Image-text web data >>
################
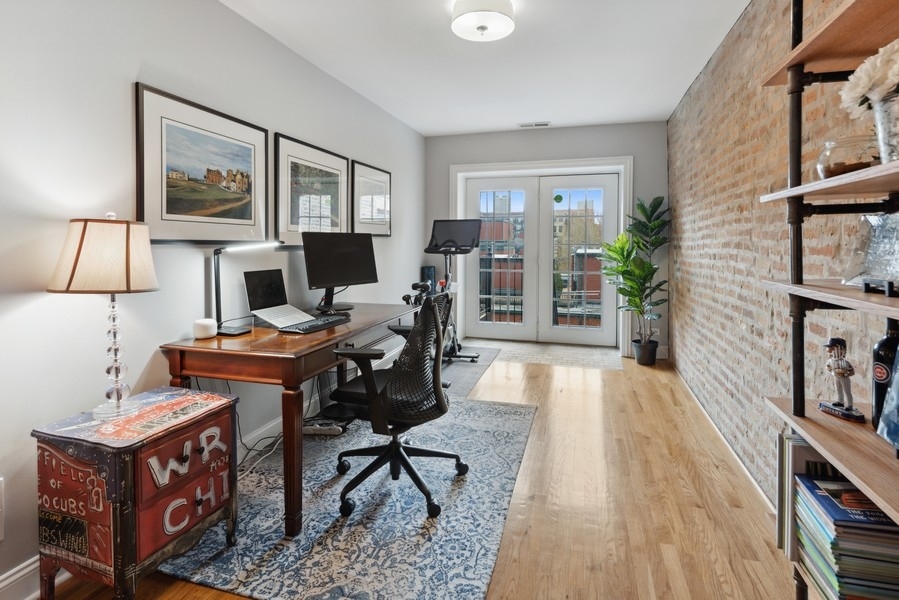 1025 West Madison Street, Unit 4 Chicago, IL 60607 - Photo 18 of 26 a living room with furniture a piano and a bookshelf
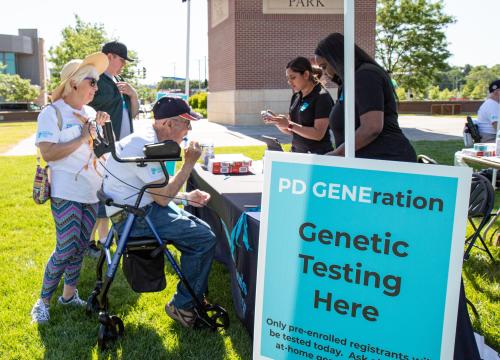 People visiting a booth for PD GENEration testing in Omaha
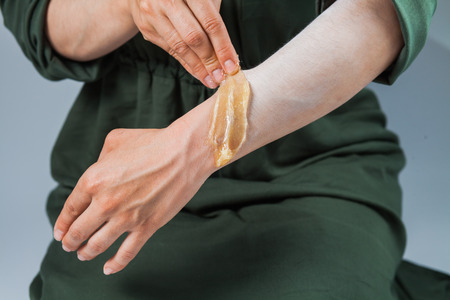 Tutorial hair removing sugaring, depilation, waxing. Closeup female hands using sugar paste. Beauty skin conceptの写真素材
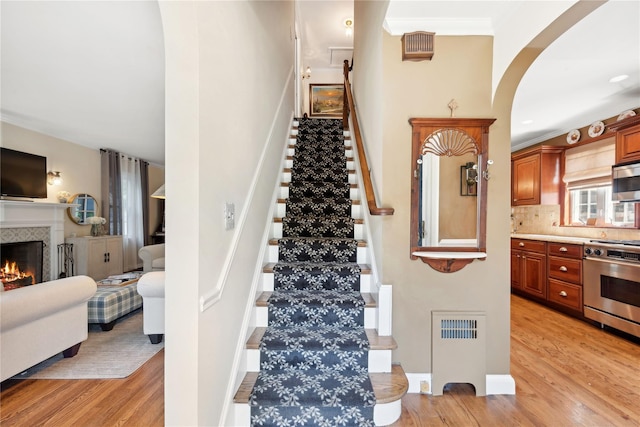 staircase featuring arched walkways, crown molding, radiator heating unit, wood finished floors, and a tile fireplace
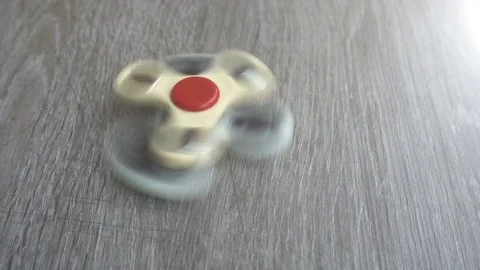 Two white hand spinner spinning on grey background or fidget spinners Stock-Footage 76561018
################
Output, exactly and only, the lines beginning with the one that contains "staircase featuring arched" and ending at the last line of the records above. Drop the pictures.

 staircase featuring arched walkways, crown molding, radiator heating unit, wood finished floors, and a tile fireplace
 Two white hand spinner spinning on grey background or fidget spinners Stock-Footage 76561018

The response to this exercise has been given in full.